Jimmy White loves snooker. He loves it now at the age of 46 every bit as much as he did when, as a kid, he used to bunk off school to play it in the afternoons when he should have been receiving an altogether different sort of education.
Snooker suffers from an overly nostalgic tendency to hark back to the ‘good old days’ but regardless of this it’s genuinely heartening to see Jimmy still in there fighting.
He came back from 8-6 down to beat David Grace in the first qualifying round of the Maplin UK Championship and last night edged Ian Preece 9-8 to reach the third.
If he makes it from the Sheffield qualifiers to the final stages at Telford he will play Ronnie O’Sullivan.

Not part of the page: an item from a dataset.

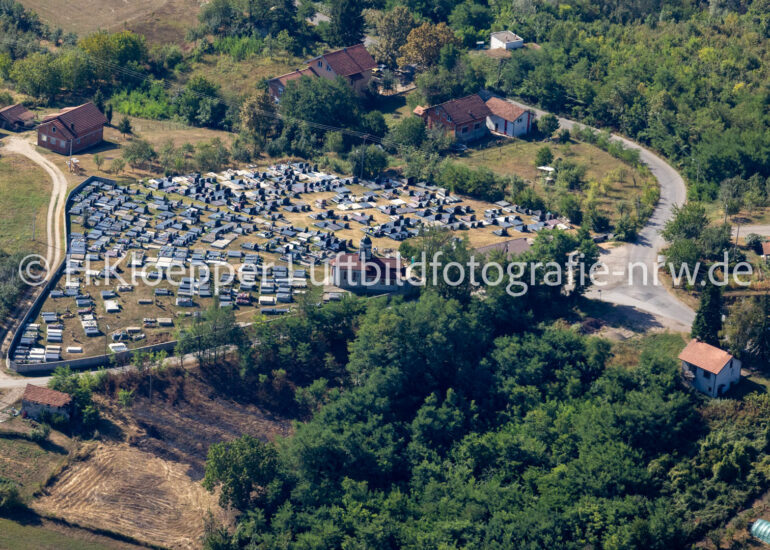 Luftbild Grabreihen auf dem Gelände des Friedhofes an der Straße 7. februara in Drakulić in Republika Srpska, Bosnien und Herzegowina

Jimmy’s career is usually talked about in terms of the six world finals he lost. These defeats came to define him as the game’s nearly man, although did nothing to reduce his status as ‘people’s champion.’
He certainly should have won in 1992 when he led Stephen Hendry 14-8 (although Hendry played some great stuff to come back) and had the title in his hands in 1994 only to miss a routine black in the decider, the pressure ultimately overcoming him.

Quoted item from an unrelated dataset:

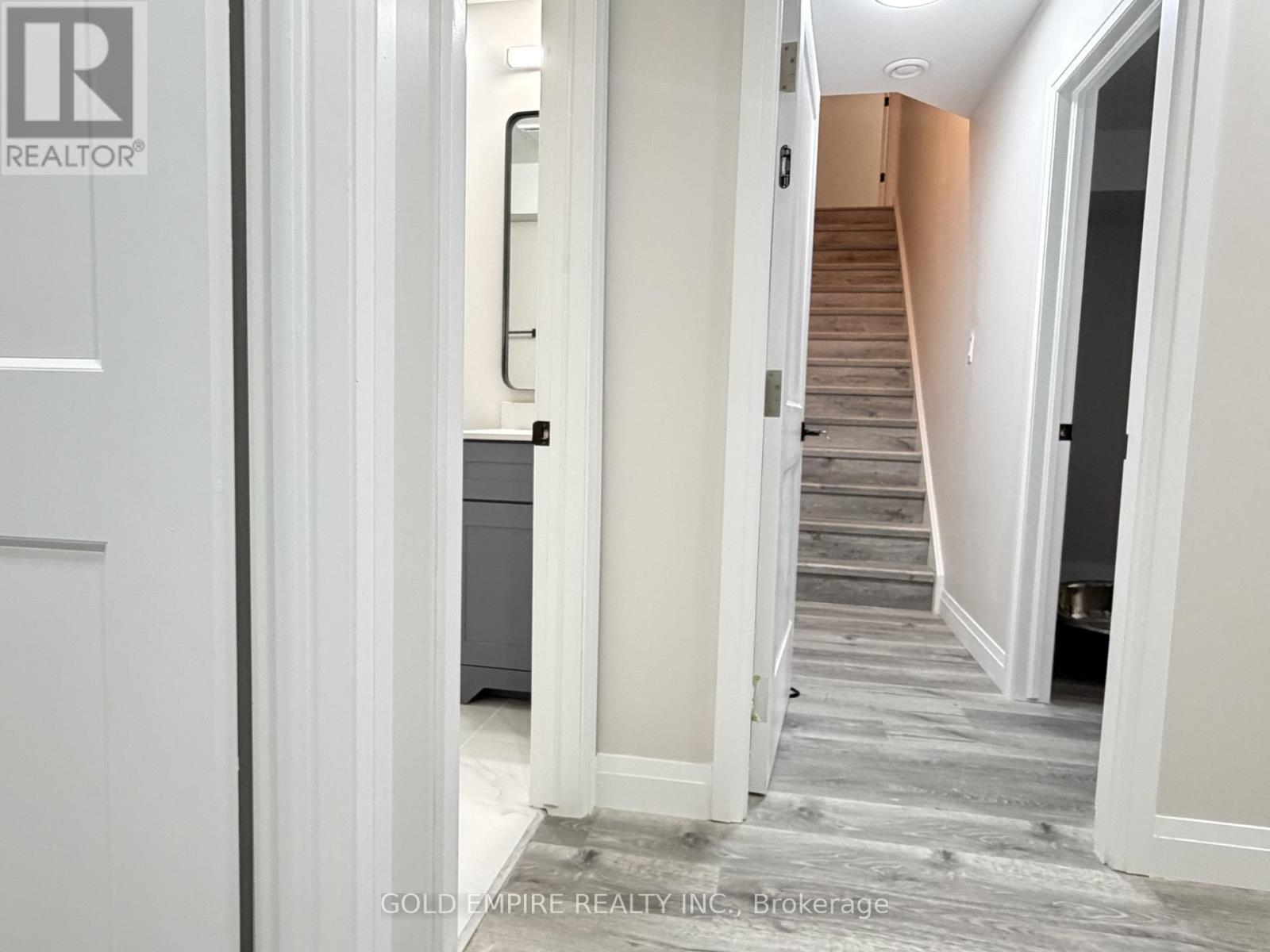 Lower - 1894 Trailsway Drive, London South, Ontario  N6K 0K7 - Photo 13 - X12731424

Had Alex Higgins not conjured up his miraculous 69 break to stay in their 1982 semi-final Jimmy may well have been champion that year.

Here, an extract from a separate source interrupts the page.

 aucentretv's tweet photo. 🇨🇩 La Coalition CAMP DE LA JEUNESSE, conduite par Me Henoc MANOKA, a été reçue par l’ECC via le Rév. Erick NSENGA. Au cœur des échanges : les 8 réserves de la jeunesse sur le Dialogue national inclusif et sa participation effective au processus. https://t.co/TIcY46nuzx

But let’s not forget this: he won ten ranking titles, including the 1992 UK Championship, and a clutch of invitation tournaments, not least the 1984 Wembley Masters.
He’s had a far better career than most and it’s still continuing, albeit in the relative obscurity of a chilly Sheffield.
There’s no webcam so Jimmy’s many fans who can’t attend the qualifiers are reduced to staring at live (or sometimes dead) scoring and cheering him on from afar.
There aren’t many players who would inspire such devotion.